Passport is authentication middleware for Node.js. It is designed to serve a singular purpose: authenticate requests. Passport cleanly encapsulates this functionality, while delegating unrelated details such as data access to the application. Whether you are building a new application or working on an existing one, this separation of concerns makes Passport extremely easy to integrate.

In modern web applications, authentication can be performed in a variety of ways. Traditionally, users log in by providing a username and password. Social networks, along with the billions of people that have joined them, have made single sign-on (SSO) using Facebook or Google a popular option. Recent innovations, encompassed by Web Authentication (WebAuthn), allow people to log in using fingerprint or facial recognition.

Application architectures also impact how authentication is achieved. To support web applications as well as native mobile and desktop applications, server-side logic can be exposed as an API which is invoked by applications running on a desktop, mobile device, or within a browser executing client-side JavaScript. Access to APIs is protected by token-based credentials, typically issued via OAuth.

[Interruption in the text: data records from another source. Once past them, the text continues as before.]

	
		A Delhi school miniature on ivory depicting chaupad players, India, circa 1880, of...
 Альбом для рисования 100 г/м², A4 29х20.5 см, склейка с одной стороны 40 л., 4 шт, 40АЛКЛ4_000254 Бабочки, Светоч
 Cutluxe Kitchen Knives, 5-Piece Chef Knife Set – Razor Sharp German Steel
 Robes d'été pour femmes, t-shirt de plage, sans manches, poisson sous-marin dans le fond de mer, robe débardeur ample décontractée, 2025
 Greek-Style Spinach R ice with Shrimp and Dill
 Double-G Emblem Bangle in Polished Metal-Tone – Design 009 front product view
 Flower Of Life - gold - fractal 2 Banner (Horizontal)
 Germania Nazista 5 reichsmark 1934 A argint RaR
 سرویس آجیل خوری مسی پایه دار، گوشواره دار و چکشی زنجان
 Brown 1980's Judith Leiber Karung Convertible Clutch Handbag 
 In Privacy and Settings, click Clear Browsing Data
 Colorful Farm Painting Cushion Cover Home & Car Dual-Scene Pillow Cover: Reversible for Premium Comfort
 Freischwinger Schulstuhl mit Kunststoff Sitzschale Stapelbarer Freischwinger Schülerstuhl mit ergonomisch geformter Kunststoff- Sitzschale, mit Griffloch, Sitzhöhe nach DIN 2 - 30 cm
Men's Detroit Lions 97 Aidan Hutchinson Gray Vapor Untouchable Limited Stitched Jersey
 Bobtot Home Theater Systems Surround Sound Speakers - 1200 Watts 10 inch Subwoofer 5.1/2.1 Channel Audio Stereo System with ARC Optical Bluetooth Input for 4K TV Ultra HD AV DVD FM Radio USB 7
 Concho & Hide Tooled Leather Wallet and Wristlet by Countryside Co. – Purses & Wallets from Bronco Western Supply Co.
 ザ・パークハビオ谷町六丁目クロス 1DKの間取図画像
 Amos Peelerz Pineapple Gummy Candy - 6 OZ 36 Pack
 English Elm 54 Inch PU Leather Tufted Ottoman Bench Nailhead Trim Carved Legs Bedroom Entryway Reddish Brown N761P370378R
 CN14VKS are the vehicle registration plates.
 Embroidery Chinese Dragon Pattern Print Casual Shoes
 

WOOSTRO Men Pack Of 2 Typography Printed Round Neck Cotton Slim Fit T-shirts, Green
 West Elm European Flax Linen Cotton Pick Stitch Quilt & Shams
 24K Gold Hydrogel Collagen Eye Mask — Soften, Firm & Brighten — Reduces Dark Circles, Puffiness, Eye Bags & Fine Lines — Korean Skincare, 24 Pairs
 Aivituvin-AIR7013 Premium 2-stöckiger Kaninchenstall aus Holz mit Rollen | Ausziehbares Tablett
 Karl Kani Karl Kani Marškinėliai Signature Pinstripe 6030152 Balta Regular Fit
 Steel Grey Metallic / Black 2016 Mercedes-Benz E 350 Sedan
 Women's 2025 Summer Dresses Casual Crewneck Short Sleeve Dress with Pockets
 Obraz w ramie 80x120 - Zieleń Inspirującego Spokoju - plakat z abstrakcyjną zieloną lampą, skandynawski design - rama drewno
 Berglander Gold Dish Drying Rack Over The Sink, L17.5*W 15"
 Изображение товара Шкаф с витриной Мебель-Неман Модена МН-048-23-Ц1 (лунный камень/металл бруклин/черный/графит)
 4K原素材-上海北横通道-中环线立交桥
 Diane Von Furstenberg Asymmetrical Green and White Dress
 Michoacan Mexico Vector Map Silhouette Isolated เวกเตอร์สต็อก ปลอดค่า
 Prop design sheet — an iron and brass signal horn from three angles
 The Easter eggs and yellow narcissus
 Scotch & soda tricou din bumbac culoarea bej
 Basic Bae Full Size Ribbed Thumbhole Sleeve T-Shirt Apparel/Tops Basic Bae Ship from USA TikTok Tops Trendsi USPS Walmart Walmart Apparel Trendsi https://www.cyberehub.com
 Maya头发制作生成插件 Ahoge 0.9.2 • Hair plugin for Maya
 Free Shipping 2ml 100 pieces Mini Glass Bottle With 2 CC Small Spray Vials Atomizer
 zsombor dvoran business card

Passport provides a flexible framework which allows an application to make use of any of these authentication mechanisms. Passport reduces the complexity of authenticating a request to a simple statement:

app.post('/login/password', passport.authenticate('local'));

Hidden behind that simple statement are three fundamental concepts:

  1. Middleware
  2. Strategies
  3. Sessions

This guide provides an overview of these concepts, explaining how they fit together within Passport. Some of the most commonly used authentication mechanisms will be explored in detail, to illustrate how they are integrated. After reading this guide, you will have an understanding of how Passport works when authenticating requests to your application.